**** DATA TO USE ****

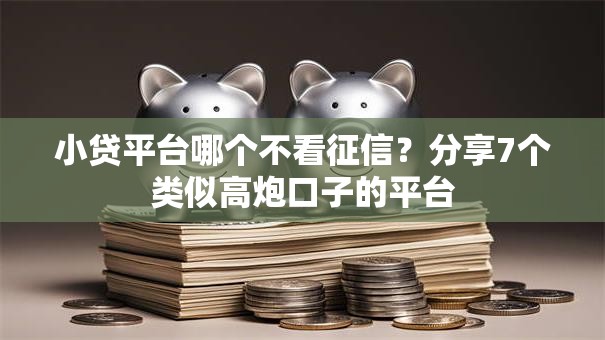小贷平台哪个不看征信？分享7个类似高炮口子的平台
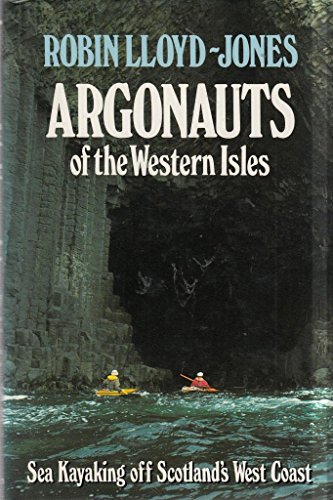 9780906371039: Argonauts of the Western Isles: Sea Kayaking off Scotland's West Coast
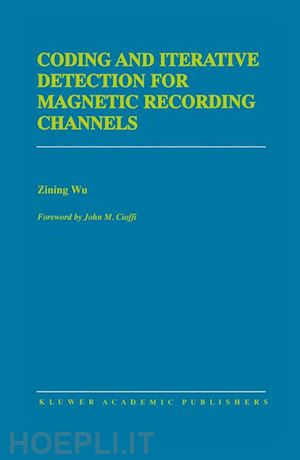 wu zining - coding and iterative detection for magnetic recording channels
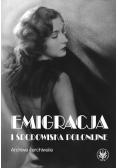 Emigracja i środowiska polonijne
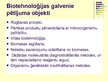 Presentations 'Biotehnoloģija, tā aspekti Latvijā', 6.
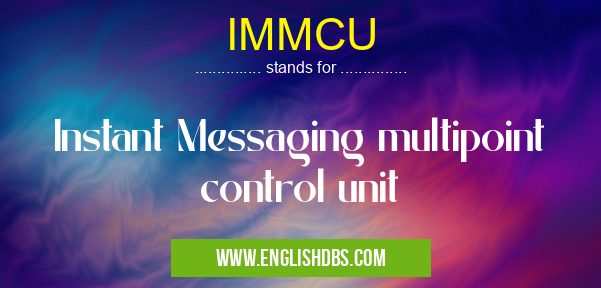 IMMCU means Instant Messaging multipoint control unit IMMCU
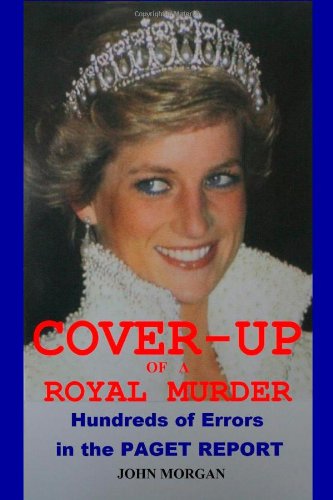 Cover-up of a Royal Murder Hundreds of Errors in the Paget Report [Paperback]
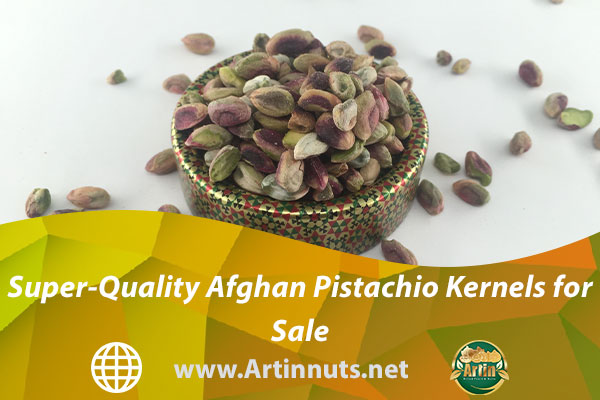 Super-Quality Afghan Pistachio Kernels for Sale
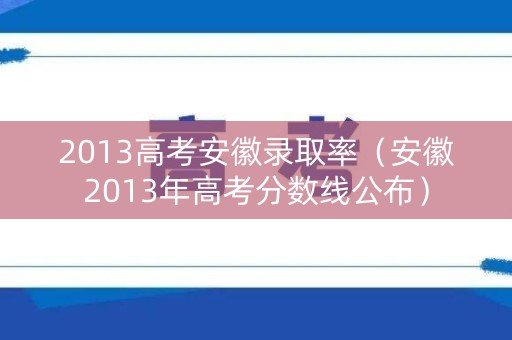 2013高考安徽录取率(安徽2013年高考分数线公布) 2013高考安徽录取率(安徽2013年高考分数线公布)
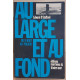 Au large et au fond - Du U-boat au Polaris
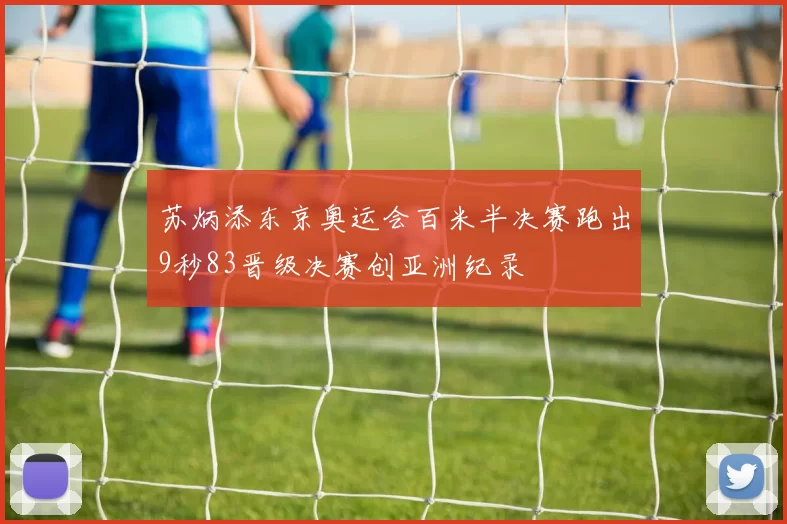苏炳添东京奥运会百米半决赛跑出9秒83晋级决赛创亚洲纪录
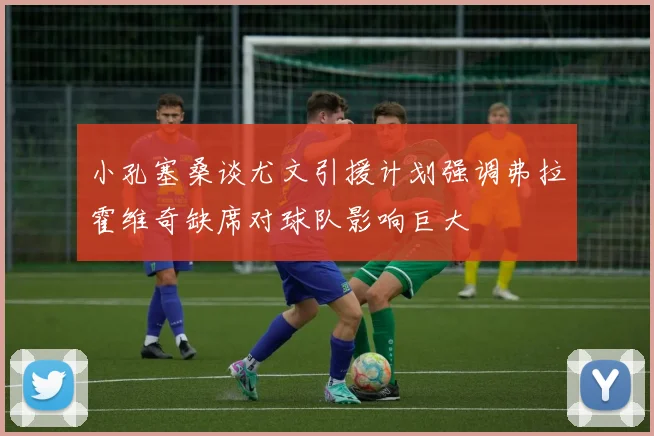 小孔塞桑谈尤文引援计划强调弗拉霍维奇缺席对球队影响巨大
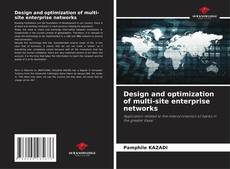 Portada del libro de Design and optimization of multi-site enterprise networks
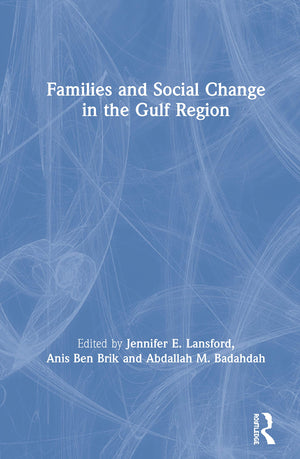 Families and Social Change in the Gulf Region,Used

****

Starting at the line that contains "苏炳添东京奥运会百米半决赛跑出9秒83晋级决赛创亚洲纪录", return every line through the end of the records above exactly as written, and return no pictures.

苏炳添东京奥运会百米半决赛跑出9秒83晋级决赛创亚洲纪录
 小孔塞桑谈尤文引援计划强调弗拉霍维奇缺席对球队影响巨大
 Portada del libro de Design and optimization of multi-site enterprise networks
 Families and Social Change in the Gulf Region,Used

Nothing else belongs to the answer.